Session 4: Romans 3.21-4.25: The Question of Romans
How can God save sinful Jews and Gentiles through faith in Jesus without violating his integrity or breaking his promise?
- Play: Session 4 Video
The middle of Romans 3 – 3.21ff – is the heartbeat of Romans. I’m not even kidding.
Douglas Moo: “Rarely does the Bible bring together in so few verses so many important theological ideas…. Here, more than anywhere else in Romans, Paul explains why Christ’s coming means ‘good news’ for needy, sinful people.”
Martin Luther claimed that this section was “the chief point, and the very central place of the Letter, and of the whole Bible.”
Here’s the problem though: This section is dense and compact and full of beautiful truth that it’s hard to squeeze it out without ruining the whole thing.

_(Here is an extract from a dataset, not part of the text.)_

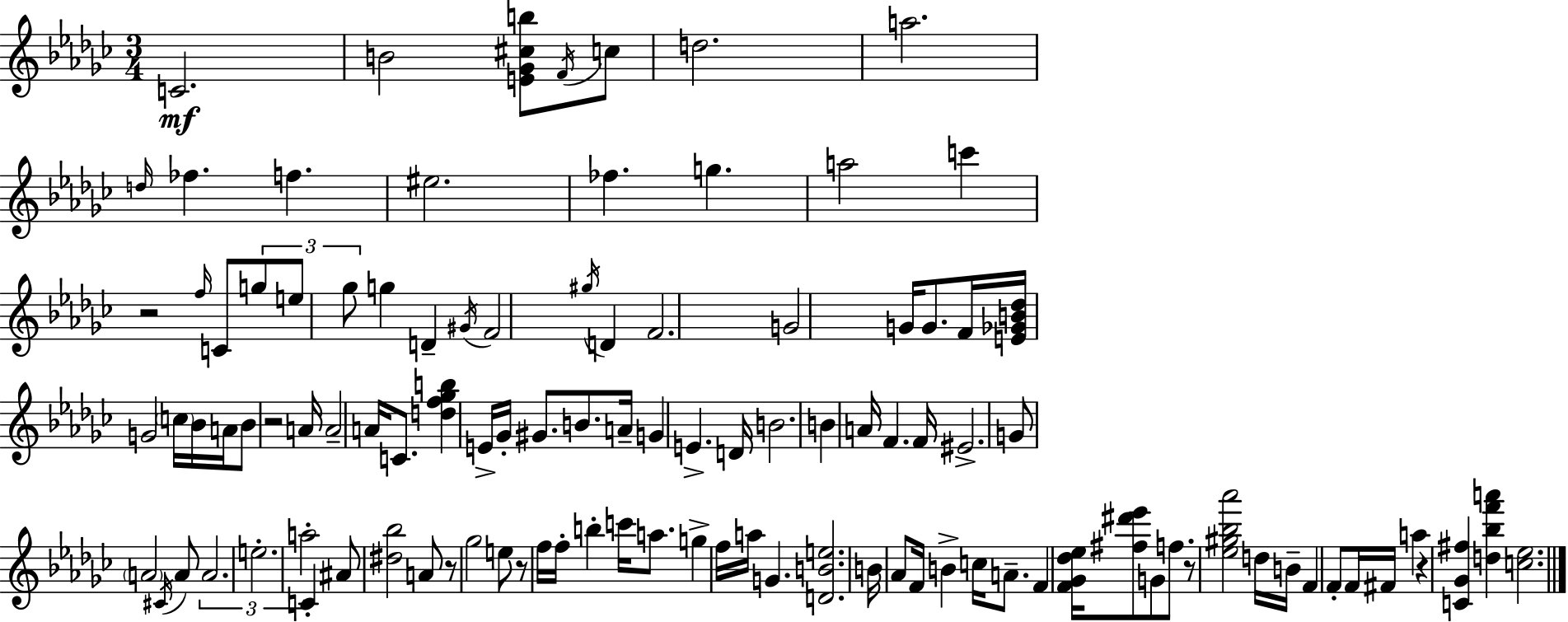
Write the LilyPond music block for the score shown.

First, let me back up a bit. It’s time to get a good bird’s eye view of Romans.
- 1-4: Paul Explains the Gospel
- 5-8: Paul Explores Salvation…
- 9-11: Paul Engages a Problem…
- 12-16: Paul Encourages the Church…
For now, Romans 3.21-26. Lots of translation differences. I’m going to read what I think is the way Paul intended it…
3.21-26 is an answer, but what is the question. Ask the right question, understand the answer.
Here is the question, and I think it is the question of Romans. It’s a little long, but no one said Romans was easy: How can God save sinful Jews and Gentiles through faith in Jesus without violating his integrity or breaking his promise?
Note the twofold problem with salvation by grace through faith:
Is God letting people off the hook (by not punishing sin)?
Has God abandoned his covenant promise to save through Israel? We’re pretty good at answering one part of the question. How can God save us through Jesus without violating his integrity as a judge, without punishing wrongdoing as his own character demands?
Jesus died as a propitiation to redeem us from sins.
- Hilasterion – “Place of atonement” representing the means of atonement
- Jesus bore the wrath of God and so freed us from that necessary consequence for sin.
This is what we catch: Jesus’ sacrificial death proves God to be just and the one who justifies. Case isn’t closed, however. What about Israel? What about the covenant?
This is the second part of the question: Paul frames Jesus death as an act of faithfulness.